Lockless algorithms for mere mortals

Posted Aug 1, 2020 4:11 UTC (Sat) by ras (subscriber, #33059) [Link]

> In other words, you can just as easily argue that the present macro state is more likely to have evolved from past macro states which had more microstates.

Actually no, you can't. In the definition of entropy the number of microstates is fixed and you are measuring how many of those microstate arrangements look like a given macro state.

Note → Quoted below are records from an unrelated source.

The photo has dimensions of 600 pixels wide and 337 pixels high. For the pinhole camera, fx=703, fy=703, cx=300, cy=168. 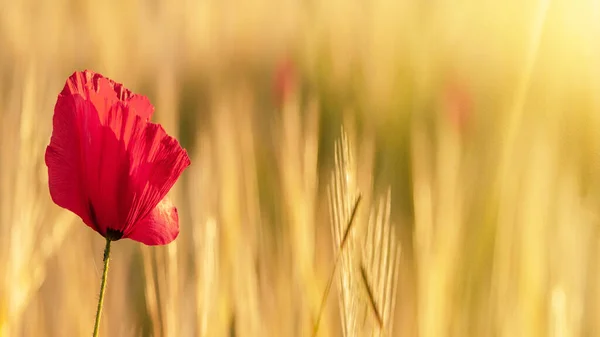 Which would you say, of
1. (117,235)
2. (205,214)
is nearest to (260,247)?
(205,214)

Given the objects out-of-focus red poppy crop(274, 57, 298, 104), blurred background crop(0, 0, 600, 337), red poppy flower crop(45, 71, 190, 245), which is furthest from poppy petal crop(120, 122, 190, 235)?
out-of-focus red poppy crop(274, 57, 298, 104)

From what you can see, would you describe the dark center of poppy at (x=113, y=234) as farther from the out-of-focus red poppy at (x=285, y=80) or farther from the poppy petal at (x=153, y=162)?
the out-of-focus red poppy at (x=285, y=80)

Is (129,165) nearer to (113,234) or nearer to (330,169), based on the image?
(113,234)

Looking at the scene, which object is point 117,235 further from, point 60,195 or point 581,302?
point 581,302

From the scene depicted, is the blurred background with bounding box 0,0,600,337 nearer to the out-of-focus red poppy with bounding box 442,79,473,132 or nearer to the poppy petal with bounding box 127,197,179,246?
the out-of-focus red poppy with bounding box 442,79,473,132

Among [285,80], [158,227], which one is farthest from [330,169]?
[158,227]

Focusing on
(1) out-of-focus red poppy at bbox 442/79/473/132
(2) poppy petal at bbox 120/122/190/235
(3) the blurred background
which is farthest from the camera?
(1) out-of-focus red poppy at bbox 442/79/473/132

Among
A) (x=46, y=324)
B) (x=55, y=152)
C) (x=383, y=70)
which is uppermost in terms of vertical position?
(x=383, y=70)

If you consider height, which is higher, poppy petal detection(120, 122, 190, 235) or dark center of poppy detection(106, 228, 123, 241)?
poppy petal detection(120, 122, 190, 235) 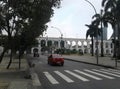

That aside, no one is disputing there is a thermodynamic arrow of time. The argument being made is that all transitions between microstates are reversible, lossless in terms of information and equally likely in both directions. It's possible for that to be true for micro states and yet there be preferred direction for the evolution of macro states. It's not only possible, it's what happens.

It's not only what happens, there is no mystery as to why it happens. For example, take a go board covered with black and white stones and assume we are near blind. If all black stones are on one side of the board and white on the other we can see that, so black/white is a macro state, but the rest of the possible microstate arrangements just look like grey to us, so grey is another macro state. Back/white corresponds to a few micro states where the black and white stores are poorly mixed. I think there are 361! / 181! possible board arrangements or about 10^431. Most of those states will look just grey - a random mixture of black and white. If the pieces are moving randomly, all of the microstates will be equally likely. This means the odds of seeing black/white instead of grey look to be about 1 in 10^245 if you assume 10% can be out of place. [0] If your go board starts in the black / white macro state, then is allowed to evolve through random 100% completely reversible symmetric swaps you will see it change to grey, and stay that way.

That is the thermodynamic arrow of time. Yet it arose from a completely reversible process. Microstates and macro states are both reasonable ways of looking at the system. When we say time is reversible, we are talking about the former.

[0] Caveat: I am deriving the formulas for these probabilities in my head, as I write this. They are almost certainly wrong.

Lockless algorithms for mere mortals

Posted Jul 29, 2020 18:27 UTC (Wed) by ianmcc (subscriber, #88379) [Link]

The second law is about probabilities. For an isolated system, the probability that entropy decreases in some given time period is exponentially small in the number of degrees of freedom. For a sufficiently small system, this will happen quite often. For a macroscopic system the probability is so small that you will never see it in the lifetime of the universe. But in principle, every isolated system eventually returns to its initial state (this is the Poincaré
recurrence theorem), so in that sense the entropy is cyclic, if you start from a very low entropy state then eventually it will return to that low entropy state again. But the time it takes to get there is again exponentially large in the number of particles, so the time required very quickly exceeds any sensible number (even using units of the lifetime of the universe).